Nevertheless, the parent has already been awarded a substantial portion of the requested relief as the interim pendency decision awarded the student pendency services based off of the December 2016 IEP, which included ten hours per week of SEIT services (Interim IHO Decision; see Parent Ex. B at p. 21).  The student's right to pendency automatically attached as of the filing of the due process complaint notice on September 15, 2018 (see Parent Ex. A; see also 20 U.S.C. § 1415[j]; Educ. Law §§ 4404[4]; 4410[7][c]; 34 CFR 300.518[a]; 8 NYCRR 200.5[m]; Child's Status During Proceedings, 71 Fed. Reg. 46710 [2006] ["a child's right to remain in the current educational placement attaches when a due process complaint is filed"]).  Accordingly, the student was entitled to receive ten hours per week of SEIT services from September 15, 2018 through the pendency of this proceeding.  However, during the hearing the parent testified that the student was not receiving his recommended amount of SEIT services because they were trying to figure out the scheduling and further testified that the SEIT came to the house three times a week for about 30 to 40 minutes (Tr. pp. 81, 84).[10]

The Second Circuit has held that where a district fails to implement a student's pendency placement, students should receive the pendency services to which they were entitled as a compensatory remedy (E. Lyme, 790 F.3d at 456 [full reimbursement for unimplemented pendency services awarded because less than complete reimbursement for missed pendency services "would undermine the stay-put provision by giving the agency an incentive to ignore the stay-put obligation"]; see Student X, 2008 WL 4890440, at *25, *26 [services that the district failed to implement under pendency awarded as compensatory education services where district "disregarded the 'automatic injunction' and 'absolute rule in favor of the status quo' mandated by the [IDEA] and wrongfully terminated [the student's] at-home services"] [internal citations omitted]).

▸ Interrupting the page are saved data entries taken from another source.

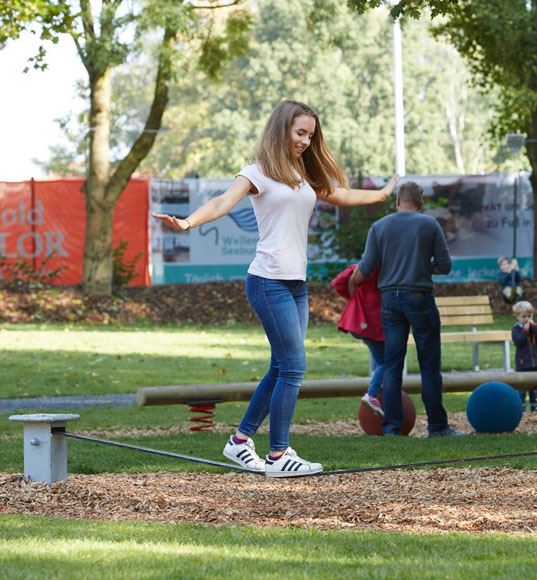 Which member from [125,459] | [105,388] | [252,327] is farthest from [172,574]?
[252,327]

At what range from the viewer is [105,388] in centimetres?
1505

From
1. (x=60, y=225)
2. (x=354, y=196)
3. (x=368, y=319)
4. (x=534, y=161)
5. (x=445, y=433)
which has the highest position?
(x=534, y=161)

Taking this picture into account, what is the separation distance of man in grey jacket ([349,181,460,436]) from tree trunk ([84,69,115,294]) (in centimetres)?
1717

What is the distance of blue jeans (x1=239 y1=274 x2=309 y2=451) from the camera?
7.04m

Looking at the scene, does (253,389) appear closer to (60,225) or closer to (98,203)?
(98,203)

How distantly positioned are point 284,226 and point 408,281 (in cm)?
307

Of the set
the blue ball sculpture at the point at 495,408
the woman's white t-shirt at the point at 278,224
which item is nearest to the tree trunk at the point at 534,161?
the blue ball sculpture at the point at 495,408

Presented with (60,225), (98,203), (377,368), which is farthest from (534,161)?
(377,368)

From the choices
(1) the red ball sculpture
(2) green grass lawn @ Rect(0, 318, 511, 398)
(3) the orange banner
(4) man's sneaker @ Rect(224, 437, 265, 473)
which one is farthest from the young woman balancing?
(3) the orange banner

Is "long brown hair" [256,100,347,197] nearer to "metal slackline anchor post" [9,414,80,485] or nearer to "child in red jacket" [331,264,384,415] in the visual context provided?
"metal slackline anchor post" [9,414,80,485]

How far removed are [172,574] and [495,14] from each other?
19957 mm

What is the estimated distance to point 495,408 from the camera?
10.4m

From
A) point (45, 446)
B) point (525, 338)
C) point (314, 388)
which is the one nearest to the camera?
point (45, 446)

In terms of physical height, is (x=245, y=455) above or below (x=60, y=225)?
below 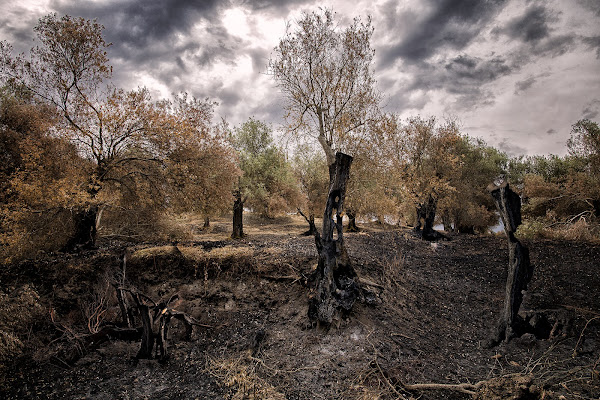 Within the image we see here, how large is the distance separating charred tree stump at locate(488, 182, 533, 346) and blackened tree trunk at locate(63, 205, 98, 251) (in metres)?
15.5

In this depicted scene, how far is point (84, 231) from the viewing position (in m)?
13.1

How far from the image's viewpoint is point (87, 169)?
41.8 feet

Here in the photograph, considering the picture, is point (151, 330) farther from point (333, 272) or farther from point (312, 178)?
point (312, 178)

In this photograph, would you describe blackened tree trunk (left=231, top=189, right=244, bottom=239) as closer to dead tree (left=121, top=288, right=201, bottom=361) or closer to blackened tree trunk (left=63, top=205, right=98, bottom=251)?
blackened tree trunk (left=63, top=205, right=98, bottom=251)

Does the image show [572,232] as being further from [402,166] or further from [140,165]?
[140,165]

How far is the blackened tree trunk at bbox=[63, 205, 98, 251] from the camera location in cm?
1270

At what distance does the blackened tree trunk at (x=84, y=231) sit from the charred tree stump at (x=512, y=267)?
15.5 m

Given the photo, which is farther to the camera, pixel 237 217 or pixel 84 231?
pixel 237 217

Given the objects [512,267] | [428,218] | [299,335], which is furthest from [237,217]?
[512,267]

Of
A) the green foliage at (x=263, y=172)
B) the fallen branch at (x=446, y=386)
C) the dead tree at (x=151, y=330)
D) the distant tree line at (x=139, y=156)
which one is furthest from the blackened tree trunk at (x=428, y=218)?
the dead tree at (x=151, y=330)

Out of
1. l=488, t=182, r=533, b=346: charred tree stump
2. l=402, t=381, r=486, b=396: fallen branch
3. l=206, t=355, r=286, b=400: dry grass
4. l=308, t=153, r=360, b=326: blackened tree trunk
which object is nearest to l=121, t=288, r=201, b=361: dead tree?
l=206, t=355, r=286, b=400: dry grass

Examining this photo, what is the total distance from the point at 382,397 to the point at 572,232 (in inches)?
636

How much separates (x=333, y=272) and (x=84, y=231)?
11.8 m

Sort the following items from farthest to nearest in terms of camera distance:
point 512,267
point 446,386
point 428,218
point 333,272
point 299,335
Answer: point 428,218 → point 333,272 → point 299,335 → point 512,267 → point 446,386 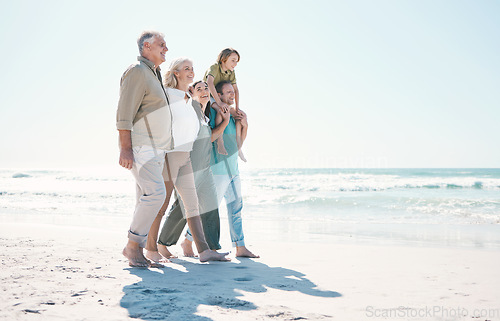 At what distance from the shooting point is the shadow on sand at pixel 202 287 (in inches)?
82.6

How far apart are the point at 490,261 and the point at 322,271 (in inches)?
68.8

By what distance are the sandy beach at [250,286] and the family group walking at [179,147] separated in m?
0.28

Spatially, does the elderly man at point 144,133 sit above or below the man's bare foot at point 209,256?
above

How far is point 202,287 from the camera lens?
2.64 m

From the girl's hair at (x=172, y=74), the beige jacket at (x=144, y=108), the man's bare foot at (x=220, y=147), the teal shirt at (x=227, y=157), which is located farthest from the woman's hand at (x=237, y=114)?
the beige jacket at (x=144, y=108)

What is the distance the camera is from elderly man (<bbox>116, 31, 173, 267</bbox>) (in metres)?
2.91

While the hearing record indicates that the student did not receive all of the SEIT services to which he was entitled during the pendency of the proceeding, the hearing record is not fully developed as to what services the student received during the 2018-19 school year.  The parent reported that during the 2018-19 school year—at the time of the hearing—the student was in a general education class and was receiving speech-language services and OT (Tr. pp. 77-78).  The parent also testified that the student had a paraprofessional at school (Tr. p. 76).  As the June 2018 IESP is the only document in the hearing record containing a recommendation for a 1:1 paraprofessional, and it did not include a recommendation for SEIT services, it appears the student was receiving a combination of services pursuant to the disputed June 2018 IESP and pursuant to pendency (see Dist. Ex. 2A at p. 7).  Because of this combination of services, the student received both more support (in the form of the 1:1 paraprofessional) and less support (in not receiving all of the mandated hours of SEIT services) than he was entitled to under pendency.  However, as the hearing record does not include information indicating that the provision of a 1:1 paraprofessional to the student made up for the diminished number of hours of SEIT services, the student should receive the SEIT services he missed during the pendency of the proceeding as a compensatory remedy (see E. Lyme, 790 F.3d at 456).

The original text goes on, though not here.